▸ YOUR OBJECTIVE: Once the line holding "So this is our" is found in the listing below, write it out and each later line exactly, up to and including the one holding "A food mill".

▸ EXCERPTED RECORDS:
┌──

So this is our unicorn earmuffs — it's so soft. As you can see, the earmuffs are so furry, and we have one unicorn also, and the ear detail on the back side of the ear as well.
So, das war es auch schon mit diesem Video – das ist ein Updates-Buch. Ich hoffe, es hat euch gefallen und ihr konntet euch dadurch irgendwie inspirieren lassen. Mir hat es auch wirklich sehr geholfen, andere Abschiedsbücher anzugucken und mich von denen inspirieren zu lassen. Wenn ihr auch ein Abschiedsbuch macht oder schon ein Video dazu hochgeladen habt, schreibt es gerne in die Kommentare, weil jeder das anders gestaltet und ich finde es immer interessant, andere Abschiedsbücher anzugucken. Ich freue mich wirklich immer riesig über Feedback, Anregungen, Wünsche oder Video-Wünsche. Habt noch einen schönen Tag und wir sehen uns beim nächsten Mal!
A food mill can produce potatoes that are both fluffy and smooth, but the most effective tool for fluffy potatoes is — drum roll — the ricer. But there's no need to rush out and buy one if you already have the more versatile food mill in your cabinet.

└──
┌──

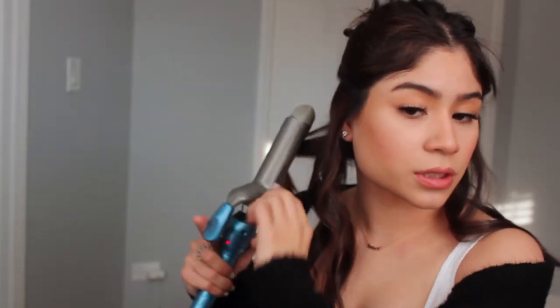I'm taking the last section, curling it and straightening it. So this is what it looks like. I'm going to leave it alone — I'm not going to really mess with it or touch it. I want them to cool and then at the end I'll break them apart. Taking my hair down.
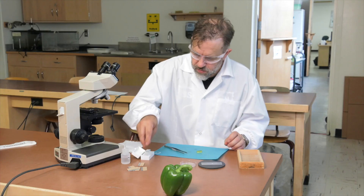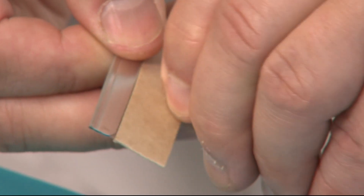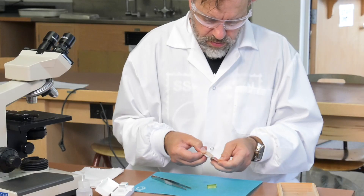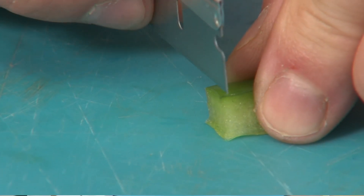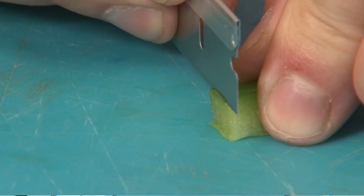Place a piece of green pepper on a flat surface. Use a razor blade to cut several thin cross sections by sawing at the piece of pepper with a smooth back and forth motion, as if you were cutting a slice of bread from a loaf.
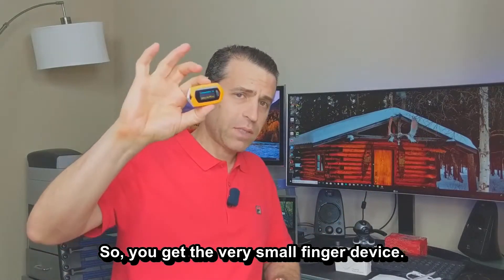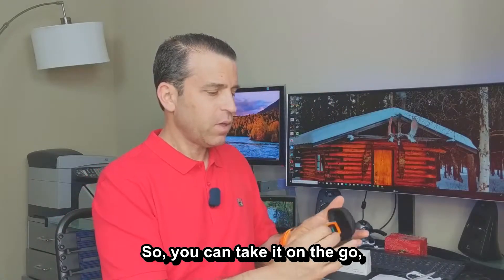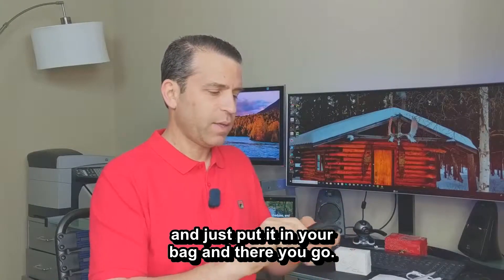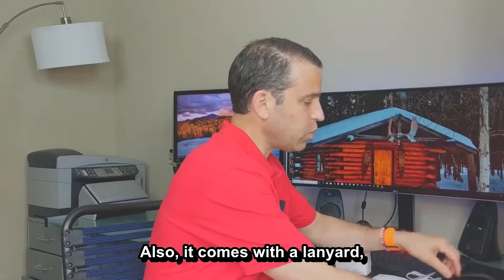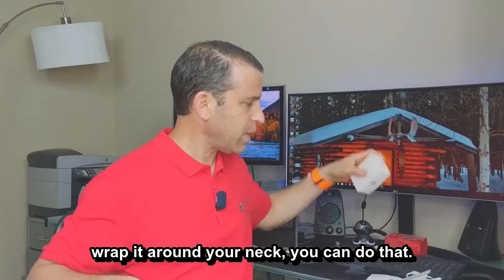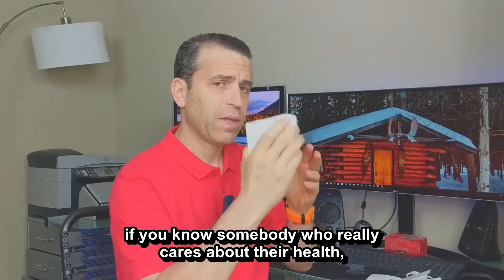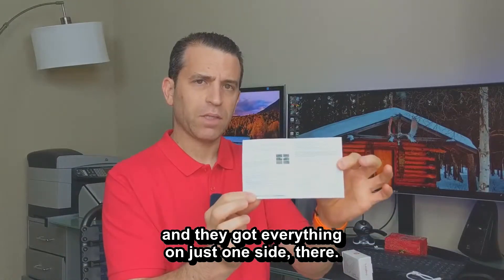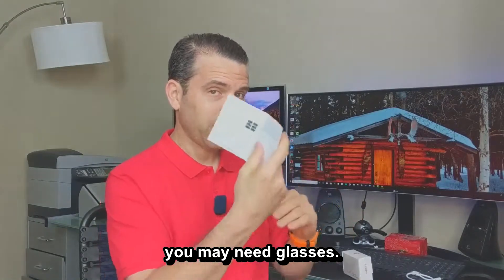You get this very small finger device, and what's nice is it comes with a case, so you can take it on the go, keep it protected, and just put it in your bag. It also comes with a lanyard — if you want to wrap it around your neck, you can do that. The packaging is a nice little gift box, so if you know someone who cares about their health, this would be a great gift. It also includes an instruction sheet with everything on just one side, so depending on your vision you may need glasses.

└──

▸ TASK SOLUTION:
So this is our unicorn earmuffs — it's so soft. As you can see, the earmuffs are so furry, and we have one unicorn also, and the ear detail on the back side of the ear as well.
So, das war es auch schon mit diesem Video – das ist ein Updates-Buch. Ich hoffe, es hat euch gefallen und ihr konntet euch dadurch irgendwie inspirieren lassen. Mir hat es auch wirklich sehr geholfen, andere Abschiedsbücher anzugucken und mich von denen inspirieren zu lassen. Wenn ihr auch ein Abschiedsbuch macht oder schon ein Video dazu hochgeladen habt, schreibt es gerne in die Kommentare, weil jeder das anders gestaltet und ich finde es immer interessant, andere Abschiedsbücher anzugucken. Ich freue mich wirklich immer riesig über Feedback, Anregungen, Wünsche oder Video-Wünsche. Habt noch einen schönen Tag und wir sehen uns beim nächsten Mal!
A food mill can produce potatoes that are both fluffy and smooth, but the most effective tool for fluffy potatoes is — drum roll — the ricer. But there's no need to rush out and buy one if you already have the more versatile food mill in your cabinet.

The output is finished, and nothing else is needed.